Raw data.
───

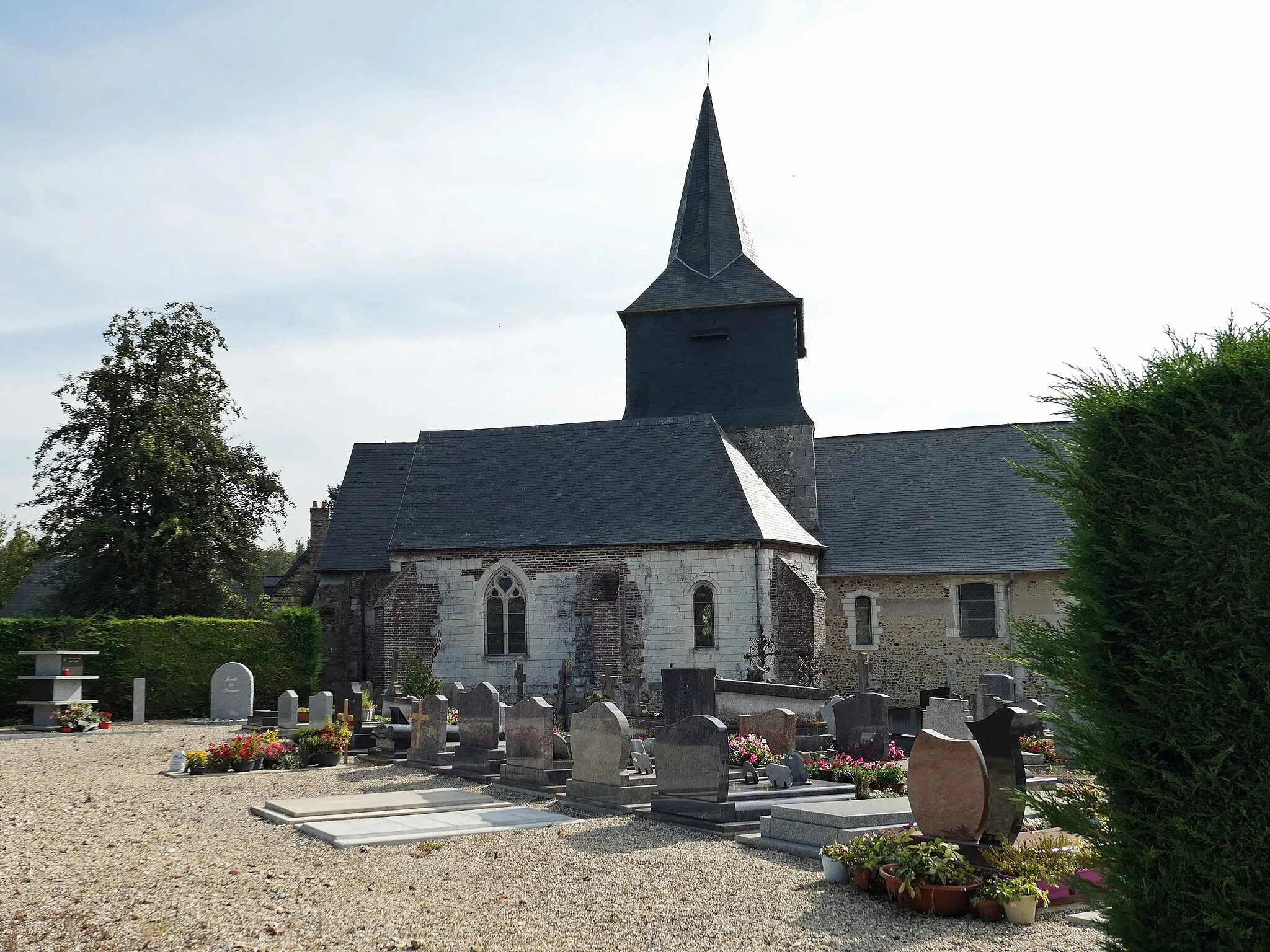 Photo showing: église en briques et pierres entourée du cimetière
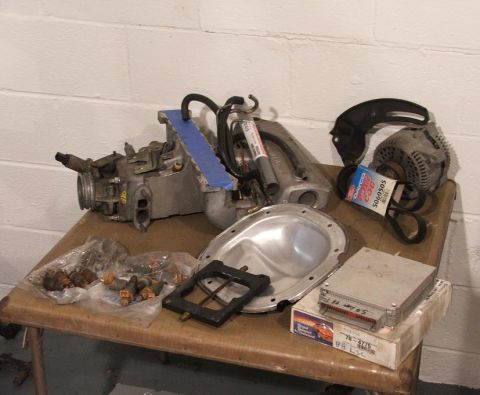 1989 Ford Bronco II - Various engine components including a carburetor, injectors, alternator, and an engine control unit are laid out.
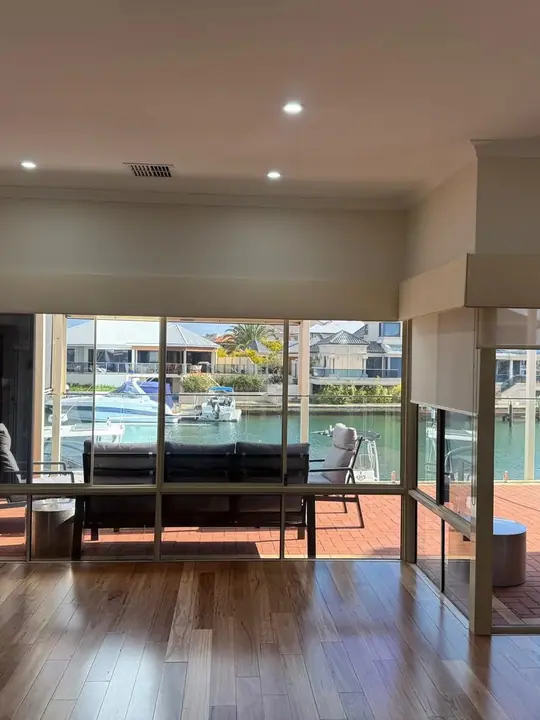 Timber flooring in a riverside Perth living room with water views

───

Work item. Send back every line of the listing exactly. Omit the images.

Task response.
 Photo showing: église en briques et pierres entourée du cimetière
 1989 Ford Bronco II - Various engine components including a carburetor, injectors, alternator, and an engine control unit are laid out.
 Timber flooring in a riverside Perth living room with water views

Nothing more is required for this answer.